Which gets us to where you’re going to do the sessions. But let’s talk about that later.

Where usability testing fits into your research strategy

What, you don’t have a research strategy? Let’s think about the future here.

It’s not uncommon – and not bad – to be working in the present, reacting to the ever-growing demand for usability testing in your organization. “Ever-growing” is good. But when Jared Spool asked me to do a podcast with him recently to talk about what I think makes the difference between a good user experience team and a great user experience team, it got me thinking.

The recipe, based on my observations in dozens of corporations, comes down to these three main ingredients:

  • Vision
  • Strategy
  • Involvement

Vision is an overused word, but here I mean that you and your team have visualized the ideal customer experience — no limits, no constraints. Imagine the best possible interactions a customer could have with your organization at every touch point. Write it down.

Strategy means that you have a plan for reaching the vision. Over the long term, you can learn about and take into account customers’ contexts and goals while matching those up to the goals and objectives of the business.

Involvement calls all interested people in the business together (and that really should be everyone from management to design to development to support and anyone else in the organization) to embrace the vision and carry out the strategy across disciplines.

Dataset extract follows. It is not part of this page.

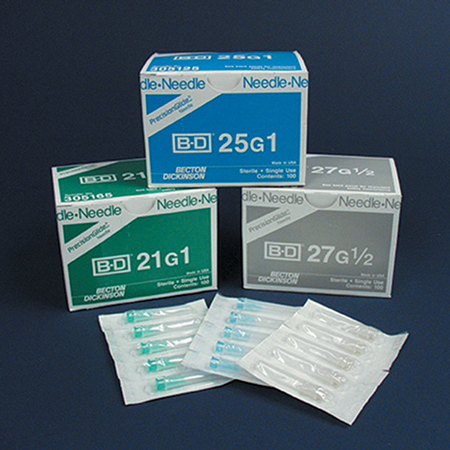 PrecisionGlide™ Regular Bevel Hypodermic Needle, Pink, 18ga x 1in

But I haven’t said much about usability testing yet. Where does it fit in? Everywhere. Part of my strategy would be to teach as many people in the organization to do usability testing as possible. You probably can’t do all the testing that is wanted (let alone needed). If you teach others to do it and coach them along the way, the customer ultimately benefits as the organization gains a closer, smarter understanding of the customer experience and can make evidence-based decisions about how to get to the ideal experience it shares a vision of.